Throughout the mid-1990s, the SNB repeatedly interrogated Yuldashev and in April 1998, authorities arrested him after an unnamed man began a fight with him in the Andijan market. The police brought him to the police station and alleged that they found a small quantity of heroin in his pocket, which Yuldashev later claimed was planted. Authorities prosecuted him for narcotics possession and the Andijan City Court sentenced him to two and a half years in prison.  He was held in incommunicado detention for eight months until his release under a December 1998 amnesty and resumed his religious activities in Andijan.

On February 16, 1999, several bombs exploded in Tashkent, killing more than a dozen people and injuring many others. Authorities immediately assigned responsibility for the attacks to Islamic “extremists” and launched a wave of repression against independent Muslims, arresting thousands and subjecting them to torture, unfair trials, police raids, and threats against family members.  Police arrested Akram Yuldashev the day after the bombings. Authorities charged him with nine offenses, including terrorism (article 155), inciting national, racial, ethnic, or religious tension (article 156), threatening the constitutional order (article 159), sabotage (article 161), organization of banned civil groups and religious organizations (article 216), incitement of participation in illegal civil or religious groups (article 216(1)), organization of a criminal group (article 242), production or dissemination of materials threatening the public order (article 244(1)), and possession of narcotics for the purpose of sale (article 276).

During his trial, the prosecution argued that Yuldashev was a main organizer of the bombings.  Authorities also blamed members of the unrelated Erk political opposition movement and members of other independent Muslim groups for the same crime. The prosecution accused Yuldashev of being the leader of a group called Akromiya which it characterized as an extremist group with the express goal of overthrowing the government and establishing a worldwide Islamic caliphate.  Several scholars have written that the prosecution in Yuldashev’s 1999 case was the first mention of any religious organization called Akromiya.   Despite the SNB’s earlier review, the court ordered a new analysis of Yuldashev’s essay, “Path to Faith,” which determined it to be an extremist document. But the “expert analysis” cited text that did not appear in the actual essay.  According to Yuldashev’s wife, after a hearing that lasted no more than an hour and in which no witnesses presented evidence, the court sentenced Yuldashev to 17 years’ imprisonment in a high security facility.

After his conviction, prison authorities transferred Yuldashev repeatedly from one prison to another.
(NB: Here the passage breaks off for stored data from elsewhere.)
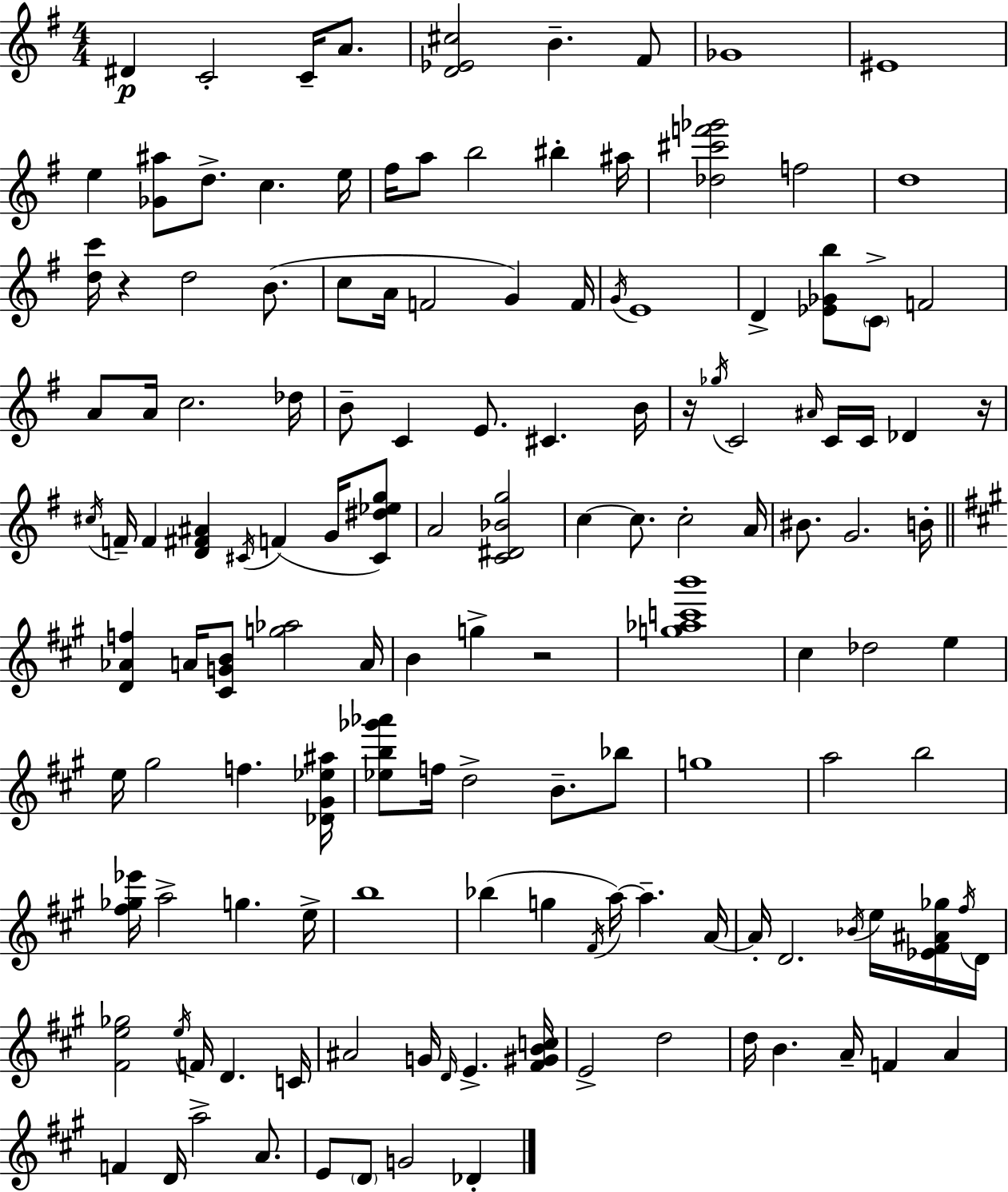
X:1
T:Untitled
M:4/4
L:1/4
K:Em
^D C2 C/4 A/2 [D_E^c]2 B ^F/2 _G4 ^E4 e [_G^a]/2 d/2 c e/4 ^f/4 a/2 b2 ^b ^a/4 [_d^c'f'_g']2 f2 d4 [dc']/4 z d2 B/2 c/2 A/4 F2 G F/4 G/4 E4 D [_E_Gb]/2 C/2 F2 A/2 A/4 c2 _d/4 B/2 C E/2 ^C B/4 z/4 _g/4 C2 ^A/4 C/4 C/4 _D z/4 ^c/4 F/4 F [D^F^A] ^C/4 F G/4 [^C^d_eg]/2 A2 [C^D_Bg]2 c c/2 c2 A/4 ^B/2 G2 B/4 [D_Af] A/4 [^CGB]/2 [g_a]2 A/4 B g z2 [g_ac'b']4 ^c _d2 e e/4 ^g2 f [_D^G_e^a]/4 [_eb_g'_a']/2 f/4 d2 B/2 _b/2 g4 a2 b2 [^f_g_e']/4 a2 g e/4 b4 _b g ^F/4 a/4 a A/4 A/4 D2 _B/4 e/4 [_E^F^A_g]/4 ^f/4 D/4 [^Fe_g]2 e/4 F/4 D C/4 ^A2 G/4 D/4 E [^F^GBc]/4 E2 d2 d/4 B A/4 F A F D/4 a2 A/2 E/2 D/2 G2 _D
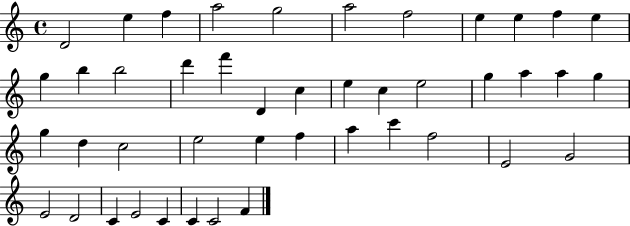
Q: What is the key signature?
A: C major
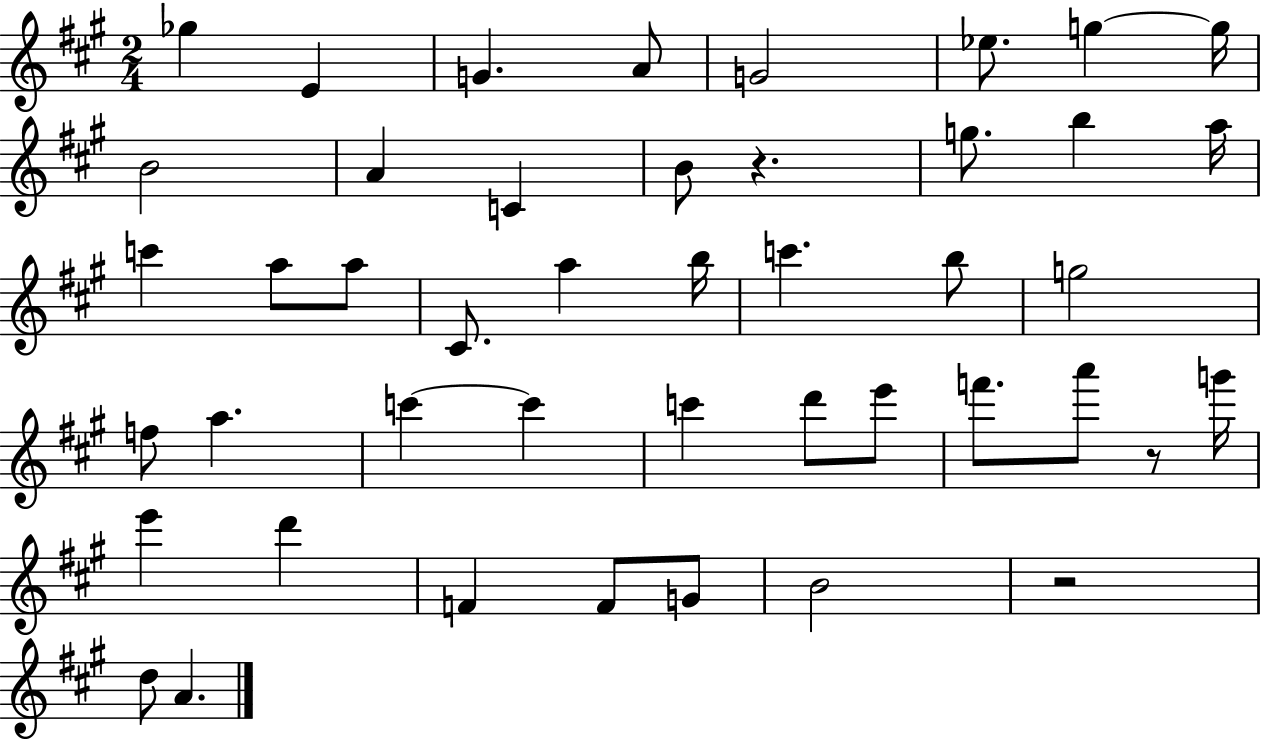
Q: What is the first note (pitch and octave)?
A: Gb5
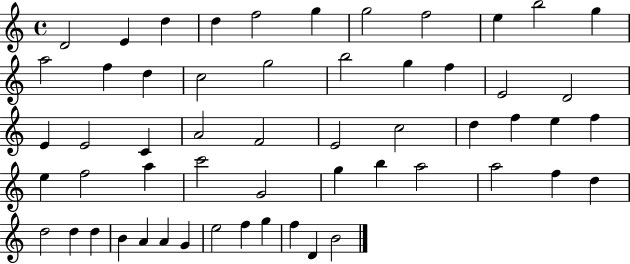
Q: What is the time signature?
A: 4/4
He spent time in Jaslyk prison, where he was subjected to severe beatings with rubber truncheons.  By 2005 Yuldashev’s health had deteriorated gravely and he had spent two years in a prison hospital in Tashkent suffering from tuberculosis.
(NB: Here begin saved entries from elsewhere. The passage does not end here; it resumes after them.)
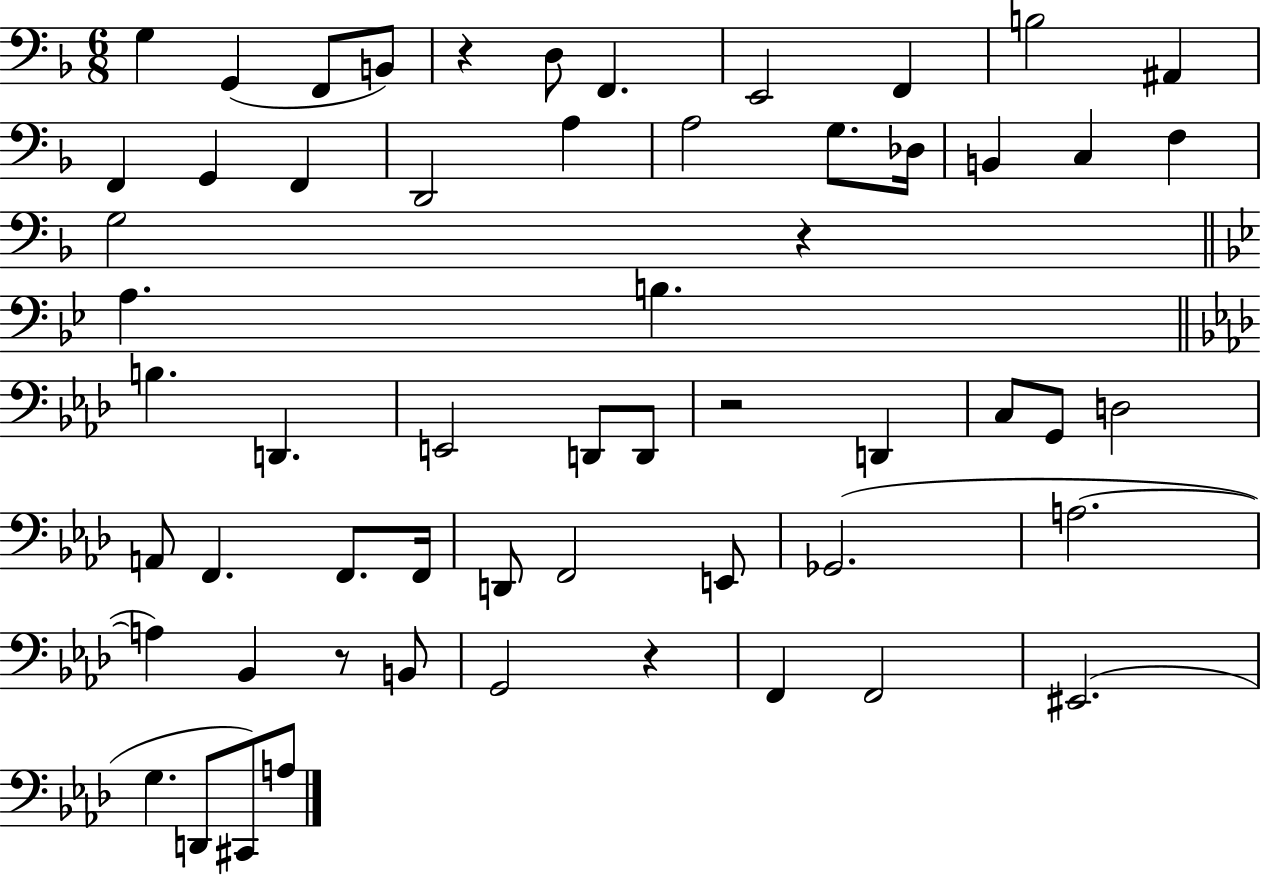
{
  \clef bass
  \numericTimeSignature
  \time 6/8
  \key f \major
  \repeat volta 2 { g4 g,4( f,8 b,8) | r4 d8 f,4. | e,2 f,4 | b2 ais,4 | \break f,4 g,4 f,4 | d,2 a4 | a2 g8. des16 | b,4 c4 f4 | \break g2 r4 | \bar "||" \break \key bes \major a4. b4. | \bar "||" \break \key aes \major b4. d,4. | e,2 d,8 d,8 | r2 d,4 | c8 g,8 d2 | \break a,8 f,4. f,8. f,16 | d,8 f,2 e,8 | ges,2.( | a2.~~ | \break a4) bes,4 r8 b,8 | g,2 r4 | f,4 f,2 | eis,2.( | \break g4. d,8 cis,8) a8 | } \bar "|."
}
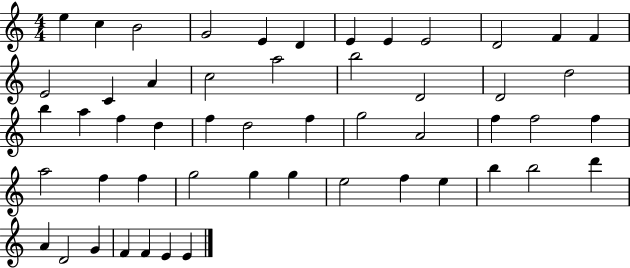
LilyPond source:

{
  \clef treble
  \numericTimeSignature
  \time 4/4
  \key c \major
  e''4 c''4 b'2 | g'2 e'4 d'4 | e'4 e'4 e'2 | d'2 f'4 f'4 | \break e'2 c'4 a'4 | c''2 a''2 | b''2 d'2 | d'2 d''2 | \break b''4 a''4 f''4 d''4 | f''4 d''2 f''4 | g''2 a'2 | f''4 f''2 f''4 | \break a''2 f''4 f''4 | g''2 g''4 g''4 | e''2 f''4 e''4 | b''4 b''2 d'''4 | \break a'4 d'2 g'4 | f'4 f'4 e'4 e'4 | \bar "|."
}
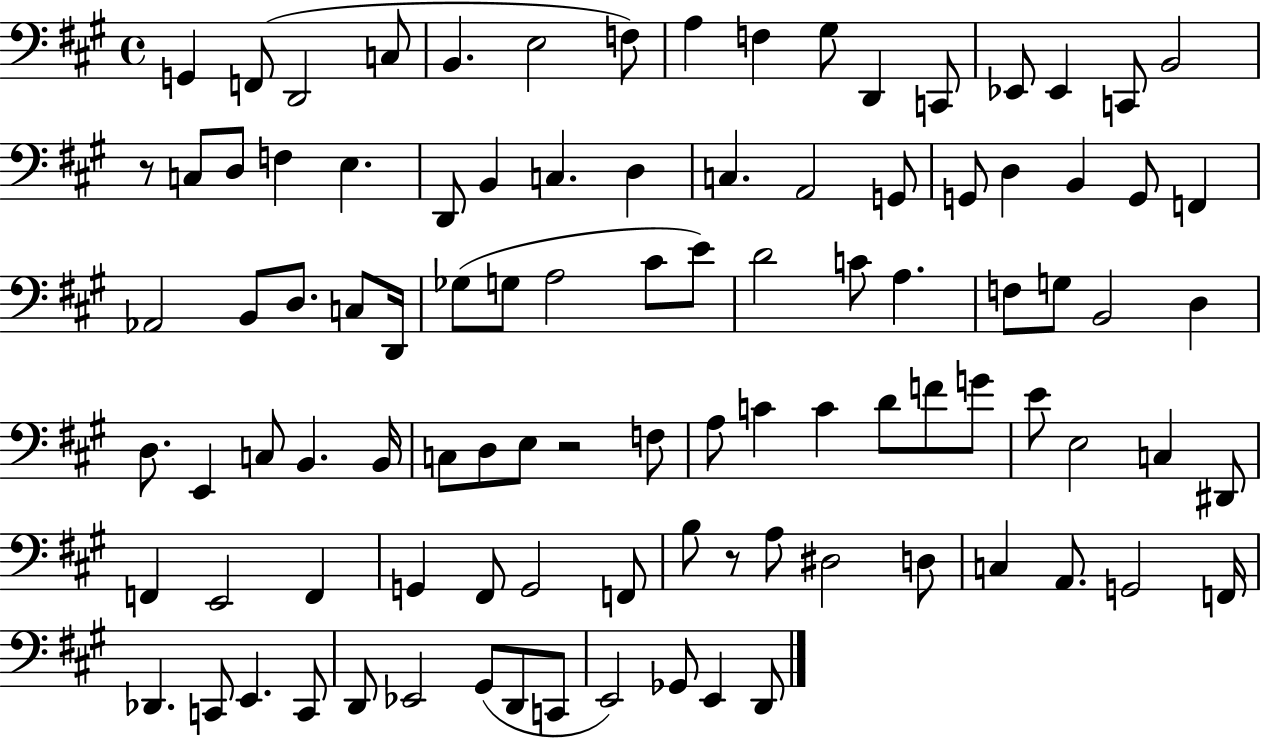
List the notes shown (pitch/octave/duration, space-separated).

G2/q F2/e D2/h C3/e B2/q. E3/h F3/e A3/q F3/q G#3/e D2/q C2/e Eb2/e Eb2/q C2/e B2/h R/e C3/e D3/e F3/q E3/q. D2/e B2/q C3/q. D3/q C3/q. A2/h G2/e G2/e D3/q B2/q G2/e F2/q Ab2/h B2/e D3/e. C3/e D2/s Gb3/e G3/e A3/h C#4/e E4/e D4/h C4/e A3/q. F3/e G3/e B2/h D3/q D3/e. E2/q C3/e B2/q. B2/s C3/e D3/e E3/e R/h F3/e A3/e C4/q C4/q D4/e F4/e G4/e E4/e E3/h C3/q D#2/e F2/q E2/h F2/q G2/q F#2/e G2/h F2/e B3/e R/e A3/e D#3/h D3/e C3/q A2/e. G2/h F2/s Db2/q. C2/e E2/q. C2/e D2/e Eb2/h G#2/e D2/e C2/e E2/h Gb2/e E2/q D2/e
After his imprisonment, the business network Yuldashev established in Andijan continued to grow until June 23, 2004, when police arrested 23 businessmen from the group for allegedly organizing a criminal organization and threatening the constitutional order of Uzbekistan. Their arrest, trial, and subsequent liberation from prison by gunmen in Andijan precipitated mass demonstrations during which Uzbek government forces shot and killed hundreds of peaceful, mostly unarmed protesters on May 13, 2005.

In the aftermath of the massacre, authorities pinned responsibility on the already imprisoned Akram Yuldashev, who in a taped confession dated July 2005 reportedly admitted to inciting his followers to break the businessmen out of jail using a mobile phone.  Experts have written that his confession fits a pattern of statements extracted through torture and coercion and cast doubt on its authenticity.

Yuldashev’s son told Human Rights Watch in mid-2013 that his family has been denied all contact with him since 2009, has no information about his whereabouts, and did not even know whether he was alive or had died in custody. 

On January 11, Human Rights Watch learned that two government officials confirmed that Yuldashev died in prison of tuberculosis. No further details, including the whereabouts of his body or how it was buried, have been disclosed.